--- Given data Enclosed Below ---

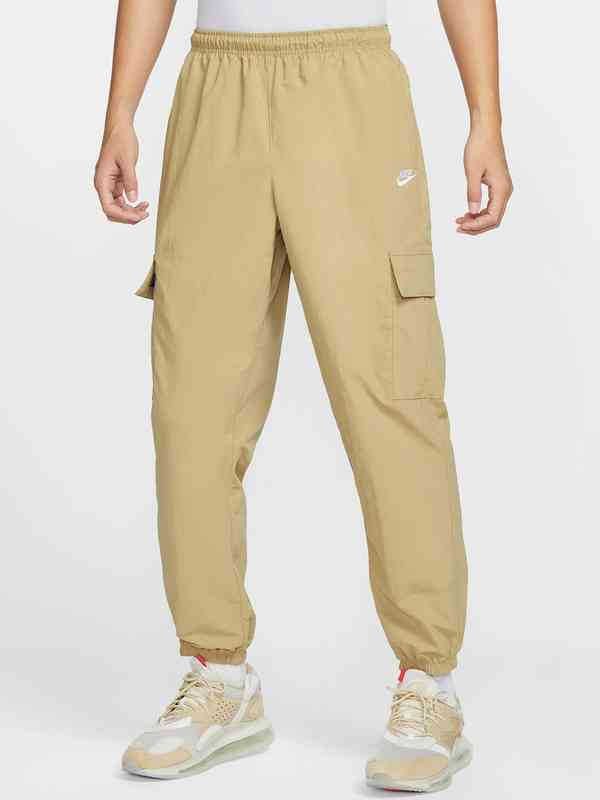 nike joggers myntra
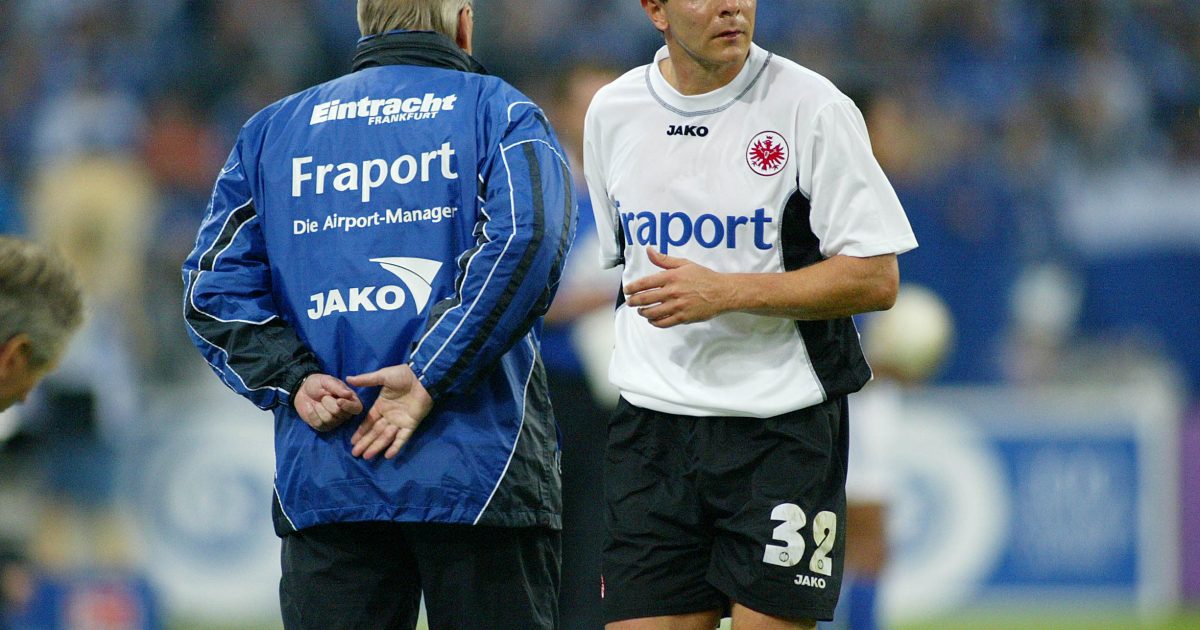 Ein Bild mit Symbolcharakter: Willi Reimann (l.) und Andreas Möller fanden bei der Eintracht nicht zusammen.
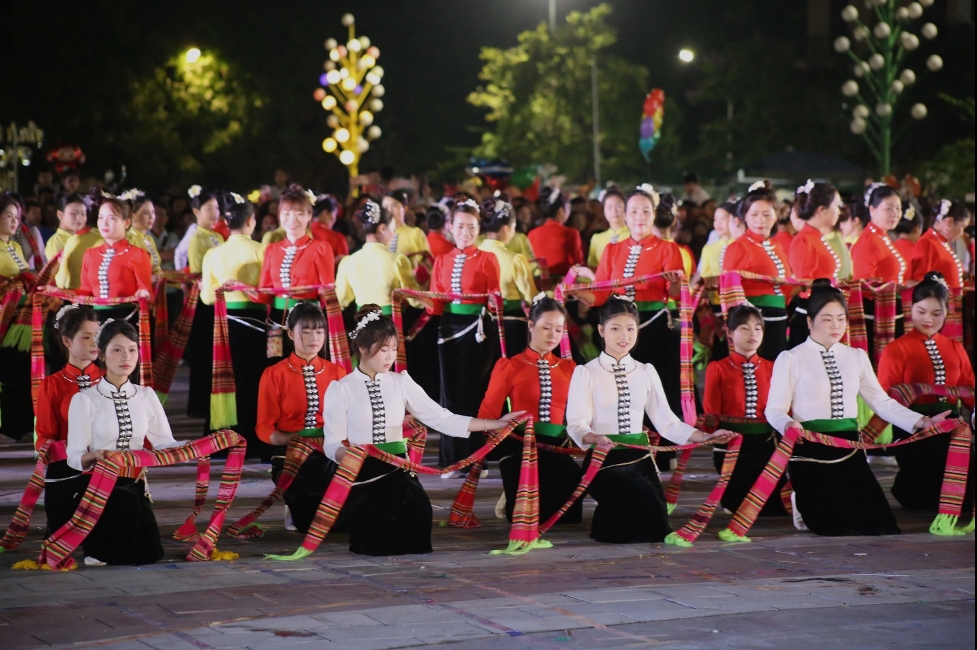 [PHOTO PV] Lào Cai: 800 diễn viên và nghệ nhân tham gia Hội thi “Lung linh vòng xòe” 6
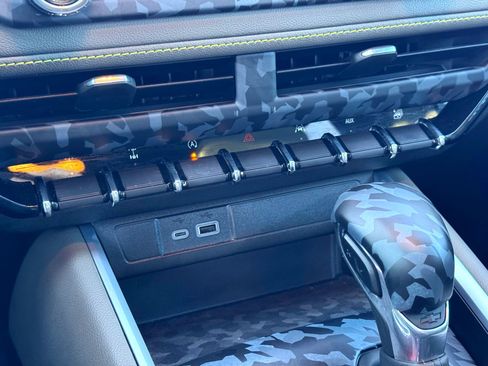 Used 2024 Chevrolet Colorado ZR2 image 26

--- End of Enclosed Given data ---

# Work to complete:
Reproduce the lines of the data that run from the one containing "[PHOTO PV] Lào" to the final line, both included, exactly as they appear and without the pictures.

# Answer section:
 [PHOTO PV] Lào Cai: 800 diễn viên và nghệ nhân tham gia Hội thi “Lung linh vòng xòe” 6
 Used 2024 Chevrolet Colorado ZR2 image 26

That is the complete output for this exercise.